DecoverAI Blog - Why Document Review Is Still Priced Like It's 2009

When the Model Was Built

Document review pricing was designed in an era when “review” meant a contract attorney clicking through TIFFs in a hosted Concordance database. The infrastructure required to host that data was genuinely expensive: on-premise servers, enterprise SAN storage, dedicated IT staff, and data center real estate that billed at a premium. The labor to review documents was also expensive in a different sense — not because contract attorneys commanded high hourly rates, but because there were a lot of them, working a lot of hours, on a lot of documents.
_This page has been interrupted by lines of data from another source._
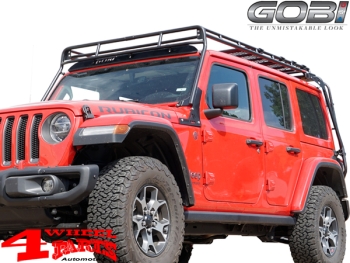 Dachträger Stealth von GOBI Wrangler JL Bj. 18-24 Sky One 4-Türer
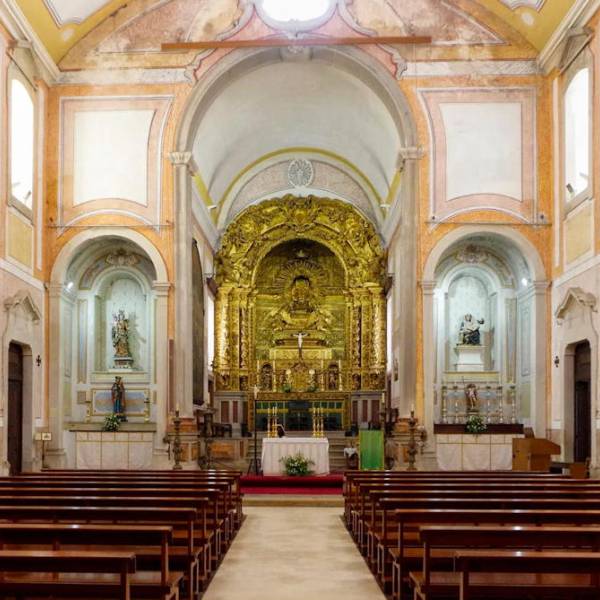 Saint Peter's Church (Igreja de São Pedro), Óbidos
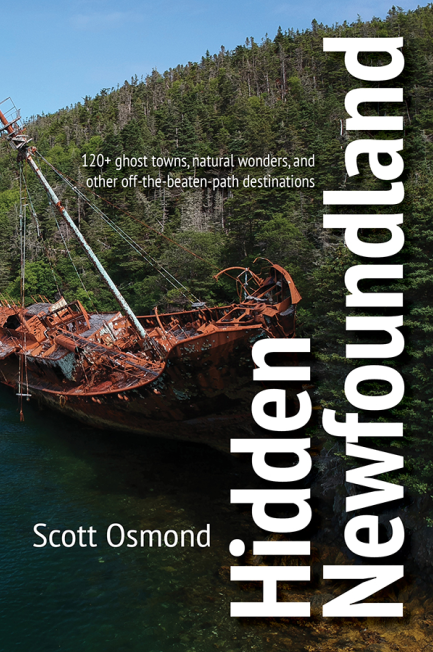 Hidden Newfoundland by Scott Osmond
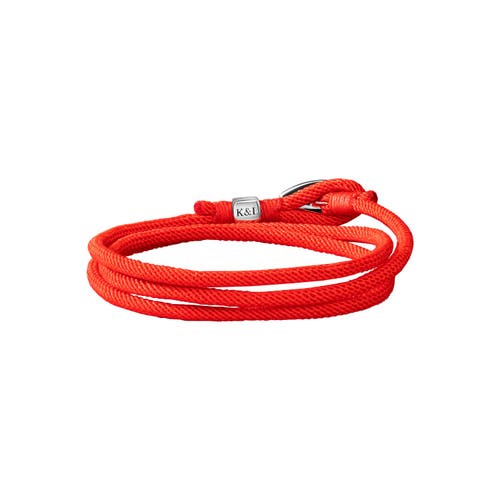 Karma And Luck Protective Guidance In Red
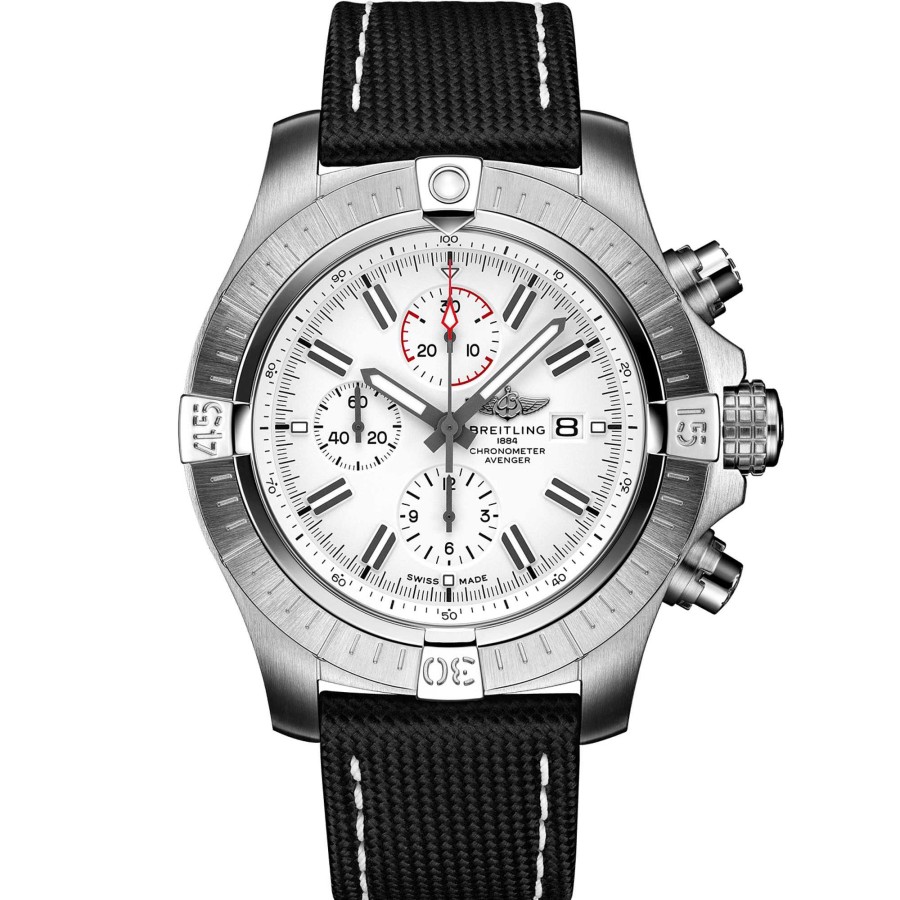 Herrenuhren Breitling | Breitling - Avenger Super Avenger Chronograph 48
At $35–60/hour for contract review and 50–75 documents per hour per reviewer, the economics of volume review were unavoidably labor-intensive.

The per-GB and per-document pricing model emerged as a rational response to those cost realities. Per-GB pricing was a proxy for infrastructure cost: more data meant more servers, more bandwidth, more storage. Per-document pricing was a proxy for labor cost: more documents meant more reviewer hours, more project management, more QC cycles. The model was not a fiction. It was a reasonably accurate approximation of what it actually cost a national eDiscovery vendor to process, host, and review a set of documents in 2003 or 2007. When the first commercial eDiscovery platforms were being built — Concordance, Summation, early Relativity — Amazon S3 did not exist. The cost structure the vendors were pricing against was real.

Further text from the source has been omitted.